North Huntingdon couple joins ever-growing ranks of older newlyweds
Charlene Weyels-Price wasn’t looking for love.
But there was this guy.
He was a little older, and they enjoyed hitting the dance floor.
“Our love of music is what brought us together, and he liked the way I danced,” Weyels-Price said.
Fast-forward two years to the couple’s wedding in North Huntingdon — the bride wearing a tiara and sparkly, barely-pink gown and Robert E. Price Sr. looking dapper in a matching bow tie along with his black sportcoat and pants.
Love was in the air Sept. 14 when the couple’s retirement community, Redstone Highlands, hosted its first wedding at that location. She’s 71. He is 84.
“Age doesn’t matter to me,” Price said. “I feel like I’m much younger.”
Finding love, later
Later-in-life marriages and older people living as couples are increasing, state figures and national studies show.
While marriages in Pennsylvania decreased slightly over 15 years, dropping from 74,311 in 2002 to 73,304 in 2017, the number of people ages 50 and older who got married increased dramatically — climbing more than 60 percent in that time period, according to statistics kept by the state Department of Health.
The same holds true in Westmoreland County, where 1,763 couples got married in 2017 — including 201 women and 273 men ages 50 and older. The 1,834 marriages in the county in 2002 included 119 women and 181 men ages 50 and older.
The number of marriages in Allegheny County increased slightly, from 6,003 in 2002 to 6,699 in 2017, state records show. The number of women over 50 who married nearly doubled over that span, going from 343 to 636; and the number of men increased more than 60 percent, from 508 to 822.
Researchers found in 2014 that remarriage was on the rise for Americans 55 and older and a more-recent study showed that the number of older adults living with an unmarried partner is increasing.
According to the Pew Research Center:
• 67 percent of previously-married people between 55 and 64 had remarried in 2013. That’s an increase from 55 percent in 1960.
• Half of people 65 and older had remarried in 2013. That figure was 34 percent in 1960. Researchers speculated that a rise in life expectancy may contribute to older adults seeking fulfillment in their golden years.
• Of the 18 million adults cohabitating in 2016, four million of them were 50 and older. That’s a 75 percent increase from the 2.3 million who lived with an unmarried partner in 2007. It was the fastest increase among all age groups for that time period.
Happily ever after
Weyels-Price and Price fell into that category before getting married.
Their story began at the Colonial Grille in Irwin, where they had seen each other for several months and shared a few dances together. She agreed to go to a jazz event with him at the Westmoreland Museum of American Art, and they’ve never parted.
They were engaged in July 2017. Price was a widower, and Weyels-Price was divorced.
Their active lifestyles, trying new things and deep passion for music — Weyels-Price’s father was a professional musician and Price plays in several bands — drew them to each other.
“We go out dancing probably at least two times a week,” Weyels-Price said.
Price has taken up bicycling with his new bride.

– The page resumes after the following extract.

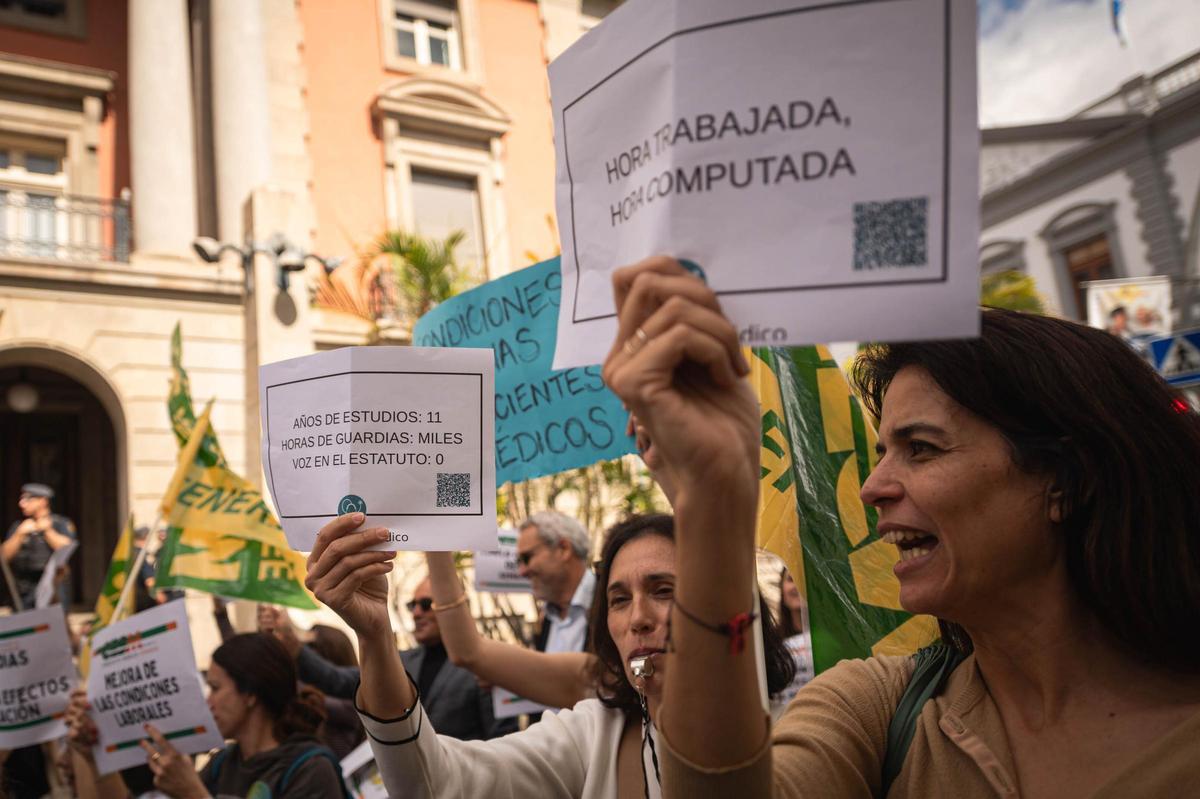 Huelga de médicos en Tenerife por el Estatuto Marco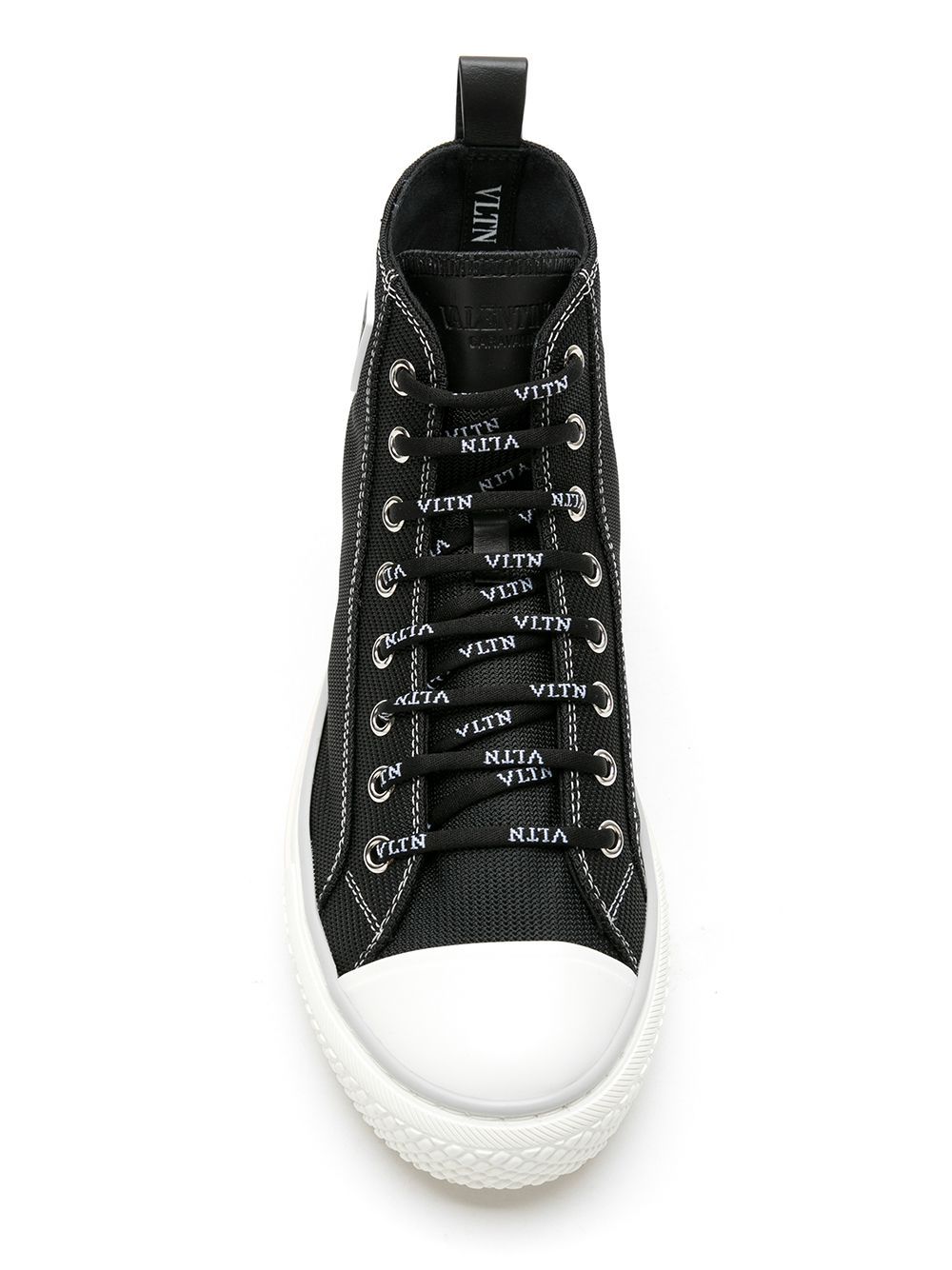 Shop Valentino Tênis Giggies High Top Em Canvas In Black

Weyels-Price enjoys spending time in the sky with her groom, who has his pilot’s license. She’s dusted off her accordion to learn songs with Price, who performs with the Jeannette Community Band, among other music groups.
“I think it’s great,” said the Rev. Bobbie Hineline, who officiated the wedding. “Maybe other people will be inspired, you never know.”
Price and his late wife founded Thermo King of Pittsburgh in North Huntingdon in 1971. Weyels-Price, originally from North Braddock, lived in the Saltsburg area and worked as a nursery school teacher for a church.
Their wedding was full of personal details, from records used as centerpieces to a range of menu items that reflected their interests, from bar food to seafood. They had four tiers of doughnuts, a champagne toast and, of course, live music and dancing.
They hope their relationship shows others to not let age hold them back from pursuing happiness. They plan to spend some time together at the beach while deciding on a honeymoon destination.
With sun streaming through the windows at the community’s clubhouse last week, Weyels-Price walked into the room and towards her groom. Price swallowed and broke into a smile.
“You look beautiful, babe,” he said.